Second Chance Brides releases this month, followed by Finally a Bride, the last book in my Texas Boardinghouse Brides series, next April. I’m also in a Christmas novella collection called Christmas Mail Order Brides, which also releases this month. Next comes my historical South Carolina series from Heartsong Presents. I have a couple of other things in the works but can’t talk about them yet.

Where can people find you on the internet?
My website is
I’m also a regular contributor to a western-themed Christian blog called Bustles and Spurs.

I’m putting together a email mailing list for a newsletter, which I hope to start soon. If anyone would like to be on the list, please email me at or leave a comment here with your email address.

Darlene, thanks so much for letting stop me by and be a guest on your blog.



Susan Page Davis said...

Great interview, Vickie and Darlene! I loved reading about how you put your stories together, Vickie. I look forward to reading these.

Digging for Pearls said...

Loved the interview! :) I love Vickie's books and her characters. I'm reading two of her books right now. I am looking forward to the new ones coming out soon, especially the Christmas one.
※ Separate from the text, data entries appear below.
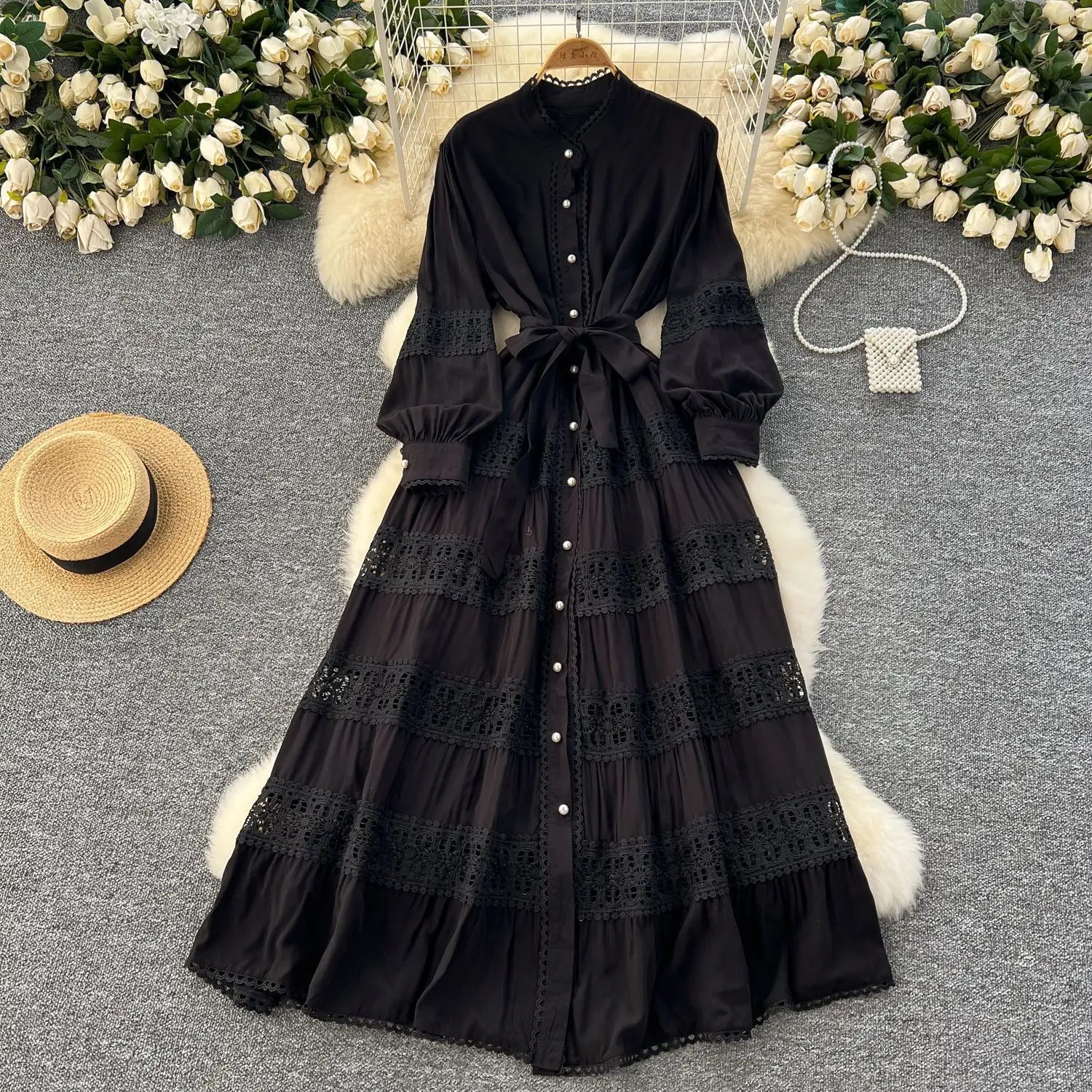Mini Long-Sleeved A-Line Chiffon Dress
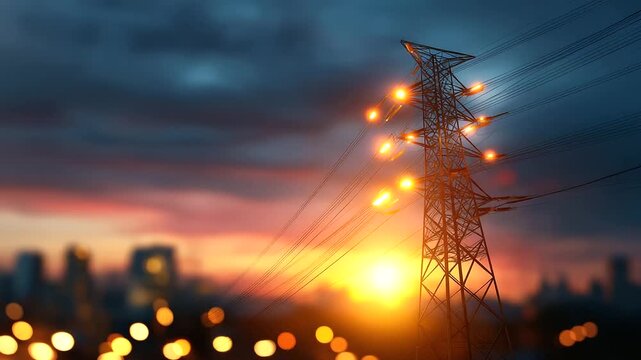 High voltage electric transmission tower energy pylon defocused infrastructure background power distribution structure electricity grid display transmission concept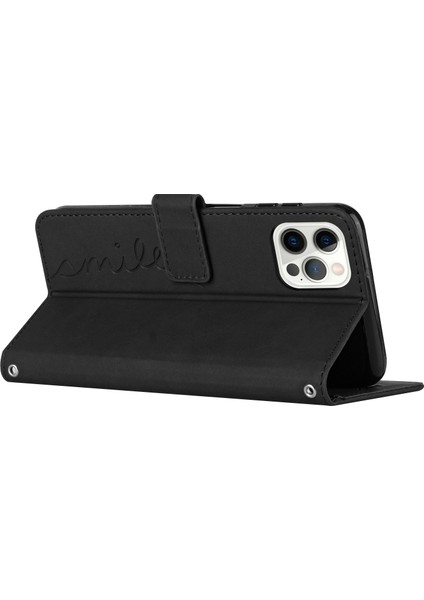 iPhone 14 Pro Max Için 6.7 Inç Cilt Dokunuşu Pu Deri Kasa Standı Cüzdan Kalp Şekli Strap-Black ile Basklı Telefon Kapağı (Yurt Dışından)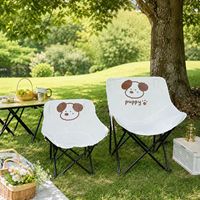 Chaise lune pliable à imprimé chiot - Chaise de camping légère et portable en tissu Oxford, design ergonomique, pliable pour une utilisation en extérieur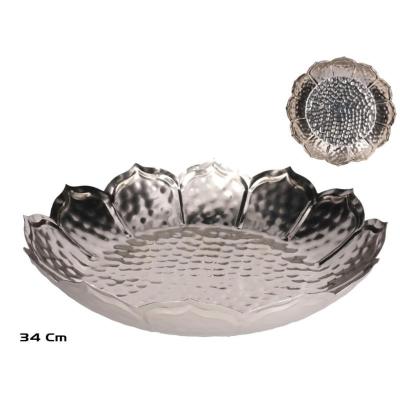 BANDEJA METAL 34X34X6 CM NIQUEL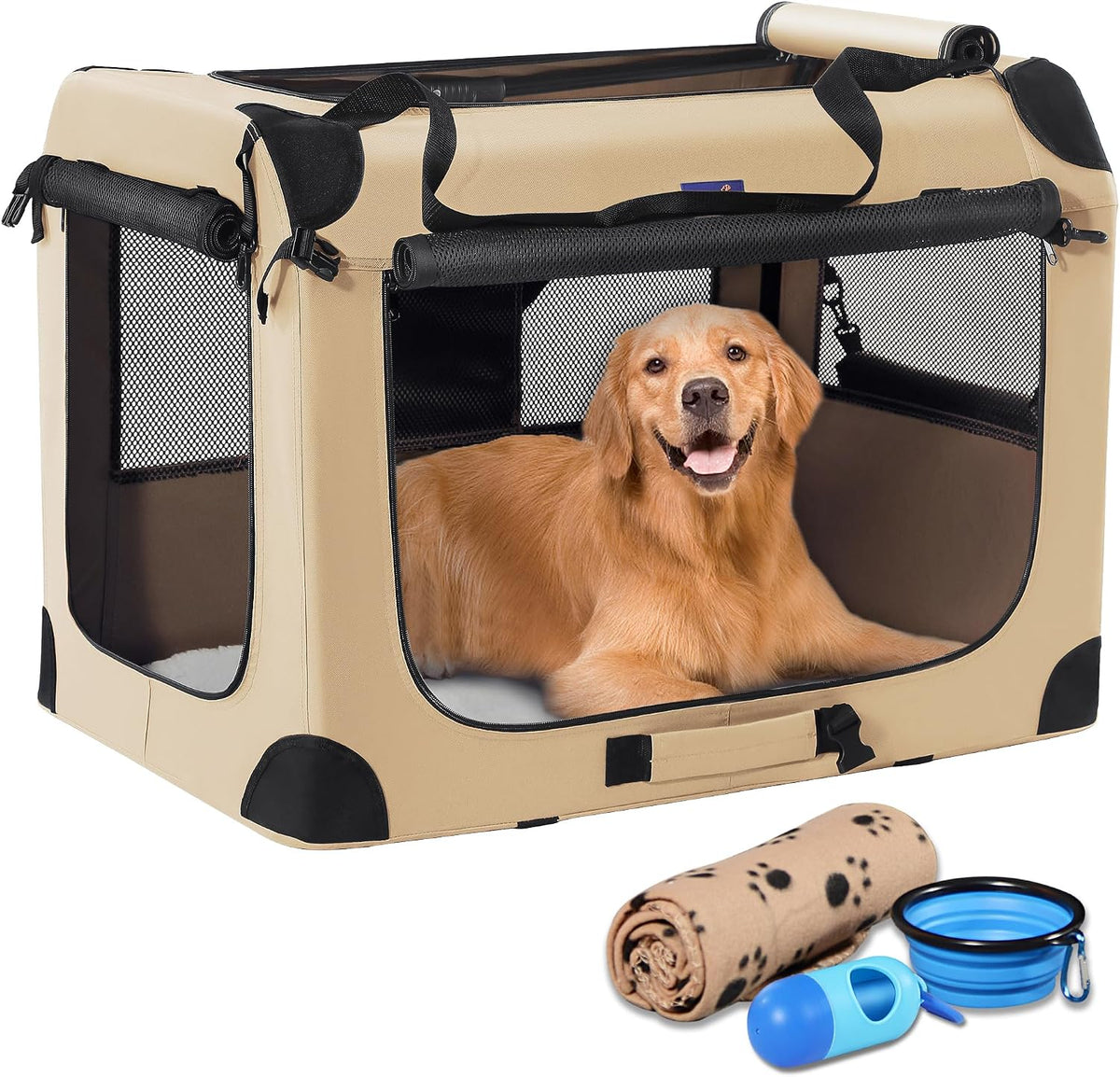 Portable Collapsible Dog Crate with Blanket & Foldable Bowl
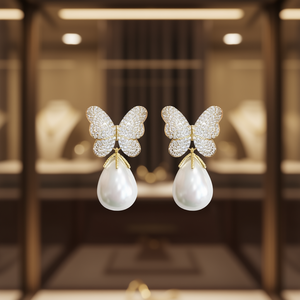 Orecchini Pendenti E3548 a Farfalla Dorata con Perla Barocca Bianca Coltivata di Grado AAA, Placcati in Oro, Gioielli di Lusso da Donna per Matrimoni - Product Image 2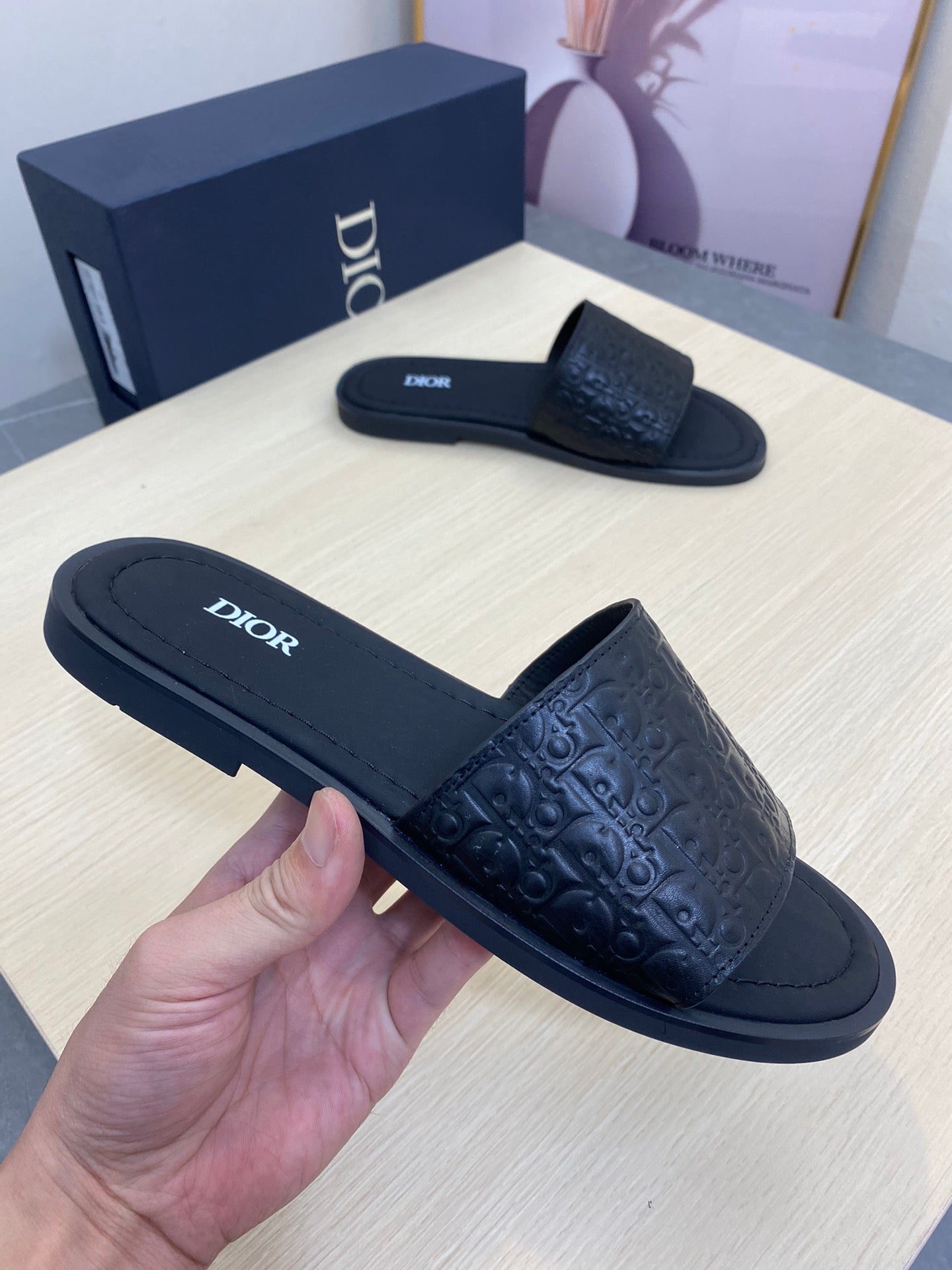 CD SLIDE ALIDAS SLIPPER BLACK MONOGRAM CALFSKIN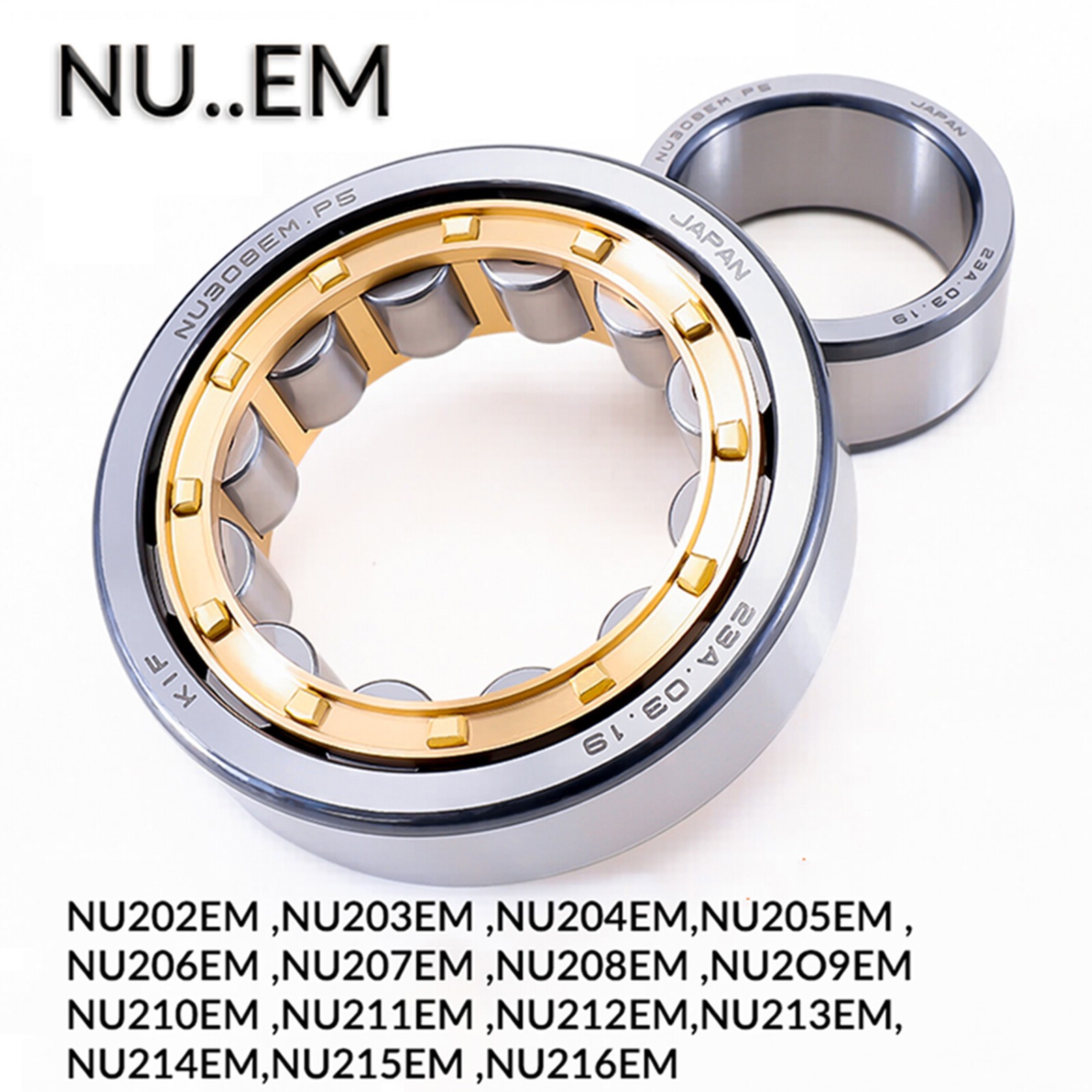 N/NU/NJ Radial Rolling Cylindrical Roller Bearing 15-100mm Bore Brass/Steel Cage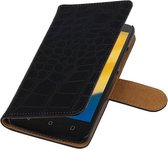 Wicked Narwal | Croco bookstyle / book case/ wallet case Hoes voor Motorola Moto C Plus Zwart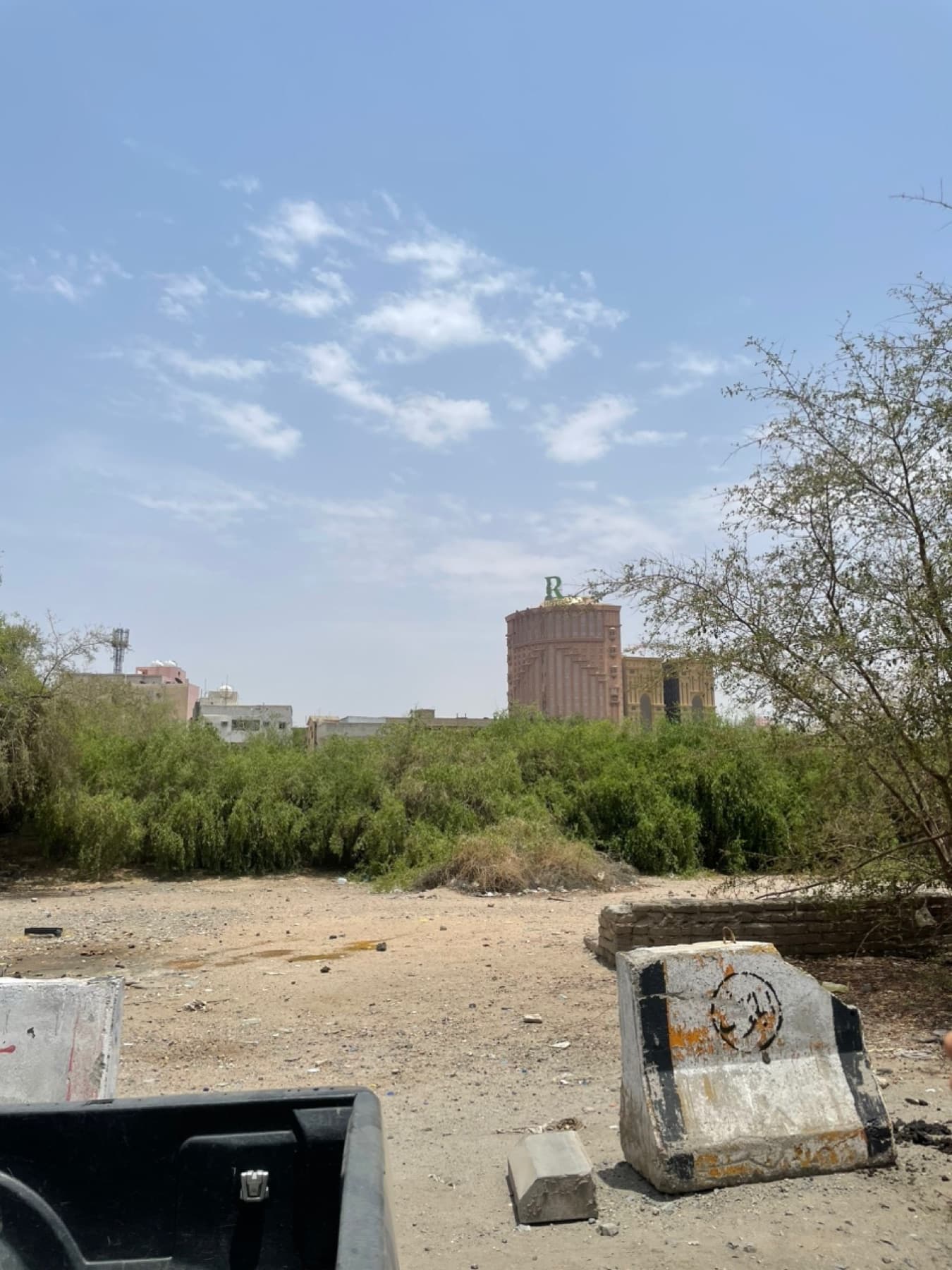 نمای هتل از مقابل مسجدی در شارع منصور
Gotta love those Christmas books.

Blessings to you both,
Jodie Wolfe

Jewel Sample said...

Interesting interview! It is good to read about the struggles because it lends itself to appreciate the successes.

Please place my name in your hat for a change to win a book!

Thank you kindly,

Anonymous said...

Great interview.I think it would be fun to interview authors.

Please enter me in the contest for a book.


Vickie McDonough said...

Thanks for stopping by Darlene's blog and reading my interview.

Waving at Sue and Jodie!

Jewel, you're right about struggles causing us to appreciate the good times.

Carol, most authors enjoy doing interviews and visiting blogs. It's a great outlet for us to tell readers about ourselves and our books.

Good luck in the drawing, everybody.

Maureen said...

Thank you for this great interview. Also Vickie thank you for sharing your wonderful gift with all of us!


barbjan10 said...

Enjoyed the interview. Love stories about Brides. I've been planning on reading this book and others for some time. Thank you for your giveaways...I hope I win one.